-- Data for analysis follows --
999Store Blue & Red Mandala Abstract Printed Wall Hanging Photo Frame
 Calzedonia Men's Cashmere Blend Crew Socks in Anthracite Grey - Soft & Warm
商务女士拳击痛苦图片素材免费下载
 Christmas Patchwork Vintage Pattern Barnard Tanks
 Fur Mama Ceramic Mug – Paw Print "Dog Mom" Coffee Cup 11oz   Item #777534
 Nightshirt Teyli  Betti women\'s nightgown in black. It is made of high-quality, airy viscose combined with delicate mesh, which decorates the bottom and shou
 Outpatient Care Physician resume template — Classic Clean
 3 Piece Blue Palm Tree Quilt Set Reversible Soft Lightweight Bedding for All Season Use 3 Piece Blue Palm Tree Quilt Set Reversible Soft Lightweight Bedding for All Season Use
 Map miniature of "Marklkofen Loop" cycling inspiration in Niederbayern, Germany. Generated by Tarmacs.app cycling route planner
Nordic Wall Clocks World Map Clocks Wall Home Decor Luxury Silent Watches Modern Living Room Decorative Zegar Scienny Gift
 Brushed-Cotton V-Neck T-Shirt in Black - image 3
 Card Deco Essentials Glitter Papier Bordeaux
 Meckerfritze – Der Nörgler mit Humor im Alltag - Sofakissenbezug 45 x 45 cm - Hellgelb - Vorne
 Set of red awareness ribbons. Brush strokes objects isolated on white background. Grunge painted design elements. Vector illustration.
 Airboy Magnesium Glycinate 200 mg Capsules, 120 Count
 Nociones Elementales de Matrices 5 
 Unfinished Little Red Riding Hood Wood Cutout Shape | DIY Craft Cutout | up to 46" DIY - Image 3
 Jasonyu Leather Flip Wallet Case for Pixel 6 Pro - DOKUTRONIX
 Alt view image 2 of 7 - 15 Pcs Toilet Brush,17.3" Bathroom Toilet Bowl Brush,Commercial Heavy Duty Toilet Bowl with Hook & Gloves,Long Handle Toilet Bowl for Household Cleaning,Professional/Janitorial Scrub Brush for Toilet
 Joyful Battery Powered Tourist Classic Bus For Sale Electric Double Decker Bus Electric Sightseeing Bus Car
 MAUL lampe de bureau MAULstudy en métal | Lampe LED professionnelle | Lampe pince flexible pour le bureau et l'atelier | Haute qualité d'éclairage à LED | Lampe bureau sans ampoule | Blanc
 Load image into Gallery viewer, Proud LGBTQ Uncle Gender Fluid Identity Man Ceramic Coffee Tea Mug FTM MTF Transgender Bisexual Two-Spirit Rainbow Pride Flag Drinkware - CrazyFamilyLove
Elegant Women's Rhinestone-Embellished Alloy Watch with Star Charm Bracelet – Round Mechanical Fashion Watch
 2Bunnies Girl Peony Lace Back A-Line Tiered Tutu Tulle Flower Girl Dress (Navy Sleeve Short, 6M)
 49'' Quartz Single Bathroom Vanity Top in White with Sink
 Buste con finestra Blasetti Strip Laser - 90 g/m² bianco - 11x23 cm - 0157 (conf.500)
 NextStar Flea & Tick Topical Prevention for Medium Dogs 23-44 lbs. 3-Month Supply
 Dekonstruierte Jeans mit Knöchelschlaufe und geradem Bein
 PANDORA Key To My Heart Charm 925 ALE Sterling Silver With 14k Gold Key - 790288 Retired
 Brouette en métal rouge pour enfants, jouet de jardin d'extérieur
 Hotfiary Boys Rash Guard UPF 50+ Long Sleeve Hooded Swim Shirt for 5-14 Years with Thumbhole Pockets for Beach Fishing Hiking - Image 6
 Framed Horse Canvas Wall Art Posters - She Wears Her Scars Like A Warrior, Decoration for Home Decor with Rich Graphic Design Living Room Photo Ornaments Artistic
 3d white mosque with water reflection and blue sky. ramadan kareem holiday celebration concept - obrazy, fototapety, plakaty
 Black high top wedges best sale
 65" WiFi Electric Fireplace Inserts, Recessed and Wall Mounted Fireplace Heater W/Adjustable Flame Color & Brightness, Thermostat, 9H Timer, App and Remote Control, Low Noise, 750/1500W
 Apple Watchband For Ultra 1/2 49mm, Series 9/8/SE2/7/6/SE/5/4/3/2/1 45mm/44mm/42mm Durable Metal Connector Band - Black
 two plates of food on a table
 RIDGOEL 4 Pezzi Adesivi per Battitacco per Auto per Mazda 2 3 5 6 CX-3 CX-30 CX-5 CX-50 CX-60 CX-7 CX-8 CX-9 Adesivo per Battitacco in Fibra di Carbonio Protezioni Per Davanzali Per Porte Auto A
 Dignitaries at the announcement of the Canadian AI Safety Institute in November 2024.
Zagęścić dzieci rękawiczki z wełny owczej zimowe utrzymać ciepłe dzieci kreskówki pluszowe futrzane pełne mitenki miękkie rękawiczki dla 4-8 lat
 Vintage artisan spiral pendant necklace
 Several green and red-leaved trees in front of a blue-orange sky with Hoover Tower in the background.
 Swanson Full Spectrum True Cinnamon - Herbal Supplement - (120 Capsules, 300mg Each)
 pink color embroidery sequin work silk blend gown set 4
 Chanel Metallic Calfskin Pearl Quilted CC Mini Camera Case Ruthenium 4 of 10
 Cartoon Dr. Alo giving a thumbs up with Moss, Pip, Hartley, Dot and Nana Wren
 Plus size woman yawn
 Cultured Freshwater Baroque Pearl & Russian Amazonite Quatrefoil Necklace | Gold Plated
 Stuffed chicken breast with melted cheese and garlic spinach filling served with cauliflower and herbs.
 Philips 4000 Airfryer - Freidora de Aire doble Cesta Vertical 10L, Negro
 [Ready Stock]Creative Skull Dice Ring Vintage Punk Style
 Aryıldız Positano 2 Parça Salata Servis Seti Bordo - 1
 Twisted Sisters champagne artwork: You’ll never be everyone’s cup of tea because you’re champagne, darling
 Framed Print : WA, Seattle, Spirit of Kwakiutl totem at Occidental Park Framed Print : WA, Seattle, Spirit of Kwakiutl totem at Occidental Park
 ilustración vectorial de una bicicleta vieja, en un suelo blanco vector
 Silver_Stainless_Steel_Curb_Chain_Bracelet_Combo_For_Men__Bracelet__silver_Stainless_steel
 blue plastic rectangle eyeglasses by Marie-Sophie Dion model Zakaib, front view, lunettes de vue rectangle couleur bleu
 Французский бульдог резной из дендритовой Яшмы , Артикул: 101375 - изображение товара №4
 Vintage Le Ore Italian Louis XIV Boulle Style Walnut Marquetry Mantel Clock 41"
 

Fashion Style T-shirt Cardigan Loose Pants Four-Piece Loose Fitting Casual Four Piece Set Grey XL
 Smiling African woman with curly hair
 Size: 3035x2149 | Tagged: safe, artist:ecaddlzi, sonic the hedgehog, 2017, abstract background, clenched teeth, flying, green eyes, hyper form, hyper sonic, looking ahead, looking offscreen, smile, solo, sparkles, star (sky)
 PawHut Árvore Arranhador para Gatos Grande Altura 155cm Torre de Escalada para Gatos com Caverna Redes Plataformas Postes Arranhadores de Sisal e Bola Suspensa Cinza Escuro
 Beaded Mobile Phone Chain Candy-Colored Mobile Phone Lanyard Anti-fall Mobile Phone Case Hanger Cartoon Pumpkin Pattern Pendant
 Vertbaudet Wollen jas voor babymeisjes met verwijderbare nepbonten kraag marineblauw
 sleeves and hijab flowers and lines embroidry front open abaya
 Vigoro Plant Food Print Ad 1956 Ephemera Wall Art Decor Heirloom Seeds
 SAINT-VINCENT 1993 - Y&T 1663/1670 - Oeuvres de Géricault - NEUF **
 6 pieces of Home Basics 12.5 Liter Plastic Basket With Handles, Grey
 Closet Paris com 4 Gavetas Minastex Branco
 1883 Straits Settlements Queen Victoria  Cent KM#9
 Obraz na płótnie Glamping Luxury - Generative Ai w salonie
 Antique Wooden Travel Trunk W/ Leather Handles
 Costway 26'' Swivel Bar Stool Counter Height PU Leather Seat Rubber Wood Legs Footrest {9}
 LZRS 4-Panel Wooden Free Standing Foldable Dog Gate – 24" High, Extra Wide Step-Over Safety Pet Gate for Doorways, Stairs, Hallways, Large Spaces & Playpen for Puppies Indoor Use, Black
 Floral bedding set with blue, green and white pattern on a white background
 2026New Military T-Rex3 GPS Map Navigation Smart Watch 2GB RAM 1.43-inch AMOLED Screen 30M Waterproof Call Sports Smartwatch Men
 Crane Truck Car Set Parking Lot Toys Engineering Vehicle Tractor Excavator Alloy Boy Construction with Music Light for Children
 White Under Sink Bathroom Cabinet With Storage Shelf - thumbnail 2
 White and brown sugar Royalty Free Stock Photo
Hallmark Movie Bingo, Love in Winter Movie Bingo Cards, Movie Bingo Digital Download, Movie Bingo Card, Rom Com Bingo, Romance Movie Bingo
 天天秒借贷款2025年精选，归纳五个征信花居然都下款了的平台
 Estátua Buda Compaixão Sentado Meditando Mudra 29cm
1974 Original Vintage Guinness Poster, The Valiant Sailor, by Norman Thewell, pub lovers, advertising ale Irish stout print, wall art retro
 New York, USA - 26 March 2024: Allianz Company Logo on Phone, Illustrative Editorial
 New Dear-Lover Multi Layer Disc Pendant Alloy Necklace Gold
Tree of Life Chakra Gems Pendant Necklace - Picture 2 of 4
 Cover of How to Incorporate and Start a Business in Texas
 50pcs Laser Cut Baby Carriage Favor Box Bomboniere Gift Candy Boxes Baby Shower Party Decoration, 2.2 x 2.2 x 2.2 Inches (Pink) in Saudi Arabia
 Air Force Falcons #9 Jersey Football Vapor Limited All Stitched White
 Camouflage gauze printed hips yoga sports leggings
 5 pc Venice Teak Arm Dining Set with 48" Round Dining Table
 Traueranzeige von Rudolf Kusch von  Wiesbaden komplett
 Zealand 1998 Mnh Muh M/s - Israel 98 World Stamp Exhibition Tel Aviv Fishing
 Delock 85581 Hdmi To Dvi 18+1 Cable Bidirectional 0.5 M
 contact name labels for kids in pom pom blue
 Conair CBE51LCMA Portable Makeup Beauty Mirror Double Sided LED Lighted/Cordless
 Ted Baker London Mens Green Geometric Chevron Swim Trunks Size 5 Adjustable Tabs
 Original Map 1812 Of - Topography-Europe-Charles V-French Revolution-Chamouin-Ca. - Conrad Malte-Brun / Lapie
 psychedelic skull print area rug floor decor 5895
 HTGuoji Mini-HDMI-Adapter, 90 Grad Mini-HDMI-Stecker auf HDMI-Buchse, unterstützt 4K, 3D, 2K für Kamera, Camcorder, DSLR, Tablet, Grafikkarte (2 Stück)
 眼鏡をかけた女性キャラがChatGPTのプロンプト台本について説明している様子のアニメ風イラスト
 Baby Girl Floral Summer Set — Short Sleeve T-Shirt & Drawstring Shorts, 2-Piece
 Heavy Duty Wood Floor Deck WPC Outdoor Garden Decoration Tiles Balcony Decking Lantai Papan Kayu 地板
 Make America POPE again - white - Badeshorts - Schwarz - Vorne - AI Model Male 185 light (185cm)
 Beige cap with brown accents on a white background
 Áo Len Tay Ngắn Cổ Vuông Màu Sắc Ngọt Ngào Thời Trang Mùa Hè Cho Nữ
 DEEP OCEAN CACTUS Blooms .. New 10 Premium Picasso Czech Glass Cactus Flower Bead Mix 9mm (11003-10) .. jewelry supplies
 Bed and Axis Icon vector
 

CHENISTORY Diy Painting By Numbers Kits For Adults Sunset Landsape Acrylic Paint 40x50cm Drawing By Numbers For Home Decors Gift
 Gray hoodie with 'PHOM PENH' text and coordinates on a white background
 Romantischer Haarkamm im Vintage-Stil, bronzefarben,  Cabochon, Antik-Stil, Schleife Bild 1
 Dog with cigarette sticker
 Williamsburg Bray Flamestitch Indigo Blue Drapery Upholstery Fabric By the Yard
-- Data for analysis concluded --
What is being asked — When a line holds the string "Handles", pull it out of the listing.

Result of this task —
 6 pieces of Home Basics 12.5 Liter Plastic Basket With Handles, Grey
 Antique Wooden Travel Trunk W/ Leather Handles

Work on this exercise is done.